Brussels – A substantial promotion, but not with flying colours. That’s what emerges from the European Court of Auditors‘s assessment of the work of the Union’s health structures during the Coronavirus emergency, the title of which seems quite telling: “EU medical agencies need to be immunised better.” The Luxembourg-based body notes in its report how, although their work was satisfactory, the bloc’s two main health agencies were caught off guard by the outbreak of the pandemic from COVID-19, which exposed “shortcomings and gaps” that Brussels has since tried to remedy. However, without fully succeeding.

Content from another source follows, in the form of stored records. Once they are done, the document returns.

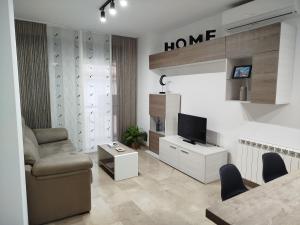 a living room with a couch chair and a television at Sentir CAZORLA in Cazorla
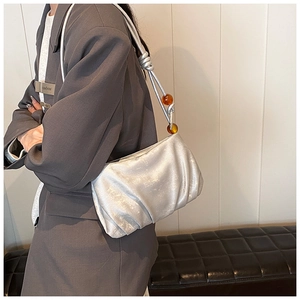 Bolso nube plisado plateado con acabado metálico y detalle de cuentas ámbar en asa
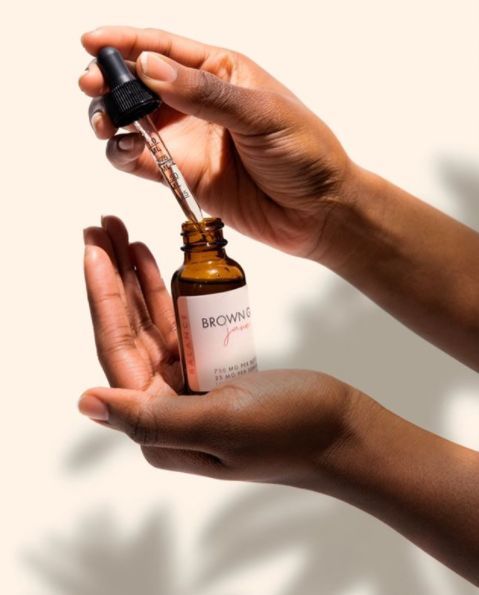 Een persoon houdt een flesje met een druppelaar in zijn hand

According to the Court’s report published Wednesday (Sept. 4), in short, “it is still premature to regard the EU as fully prepared to tackle major public health emergencies.” The Luxembourg auditors focused mainly on the European Medicines Agency (EMA) and the European Center for Disease Prevention and Control (ECDC). According to their assessment, ”
the ECDC initially under-estimated the seriousness of the situation, having considered the likelihood of the virus being introduced into the EU as low”, recognising “the need for immediate targeted action” only on March 12, 2020, that is, three days after our country had already entered lockdown.
João Leão, the ECDC member responsible for drafting the report, acknowledged that EU medical agencies were not the only ones who were “overwhelmed by the force and speed of the COVID-19 pandemic” but added that now “lessons learned must be applied effectively at EU level so that history does not repeat itself.” Among the major difficulties encountered by the ECDC, especially at the outset, was the absence of a standard methodology at the level of the Twenty-Seven to track the spread of COVID-19—both for mapping infections and counting deaths.
The court pointed out that “more reliable techniques could have been used more often” and that the ECDC, in several situations, moved too late in disseminating “risk assessments, guidance and public information.” However, even when the Centre’s recommendations arrived, the states deliberately chose to ignore them, for example, in the case of travel restrictions that the ECDC had deemed substantially ineffective. The court’s judgment on EMA, however, is more positive. The report says that even in the early stages of the pandemic, the agency “reached out to potential developers of vaccines and treatments, and took several other measures to speed up the authorisation process” while also helping “to counter medical shortages” in the later stages of the emergency. “The only real issue,” the analysis continues, “was that the EMA was unsuccessful at promoting EU clinical trials” in the Union territory.
Now, in an attempt to close the gaps that have emerged, the European Commission has clarified and strengthened the mandates of both bodies—as well as their budgets, which have been increased from €61 million in 2020 to €90 million in 2023 for the ECDC and from €358 million to €458 million for the EMA. At the same time, Brussels has also initiated legislative proposals to reform EU pharmaceutical legislation to accelerate authorisation processes to approve new medicines. However, the Court warned, as much as the new measures may go to remedy the issues highlighted, the risk now is that the regulatory and organisational framework has become “more complex”. For example, the establishment in 2021 of the Health Emergency Preparedness and Response Authority (HERA) to oversee the development, production, and distribution of medicines, vaccines, and other products in emergencies ended up at least partially duplicating the functions and responsibilities of the ECDC.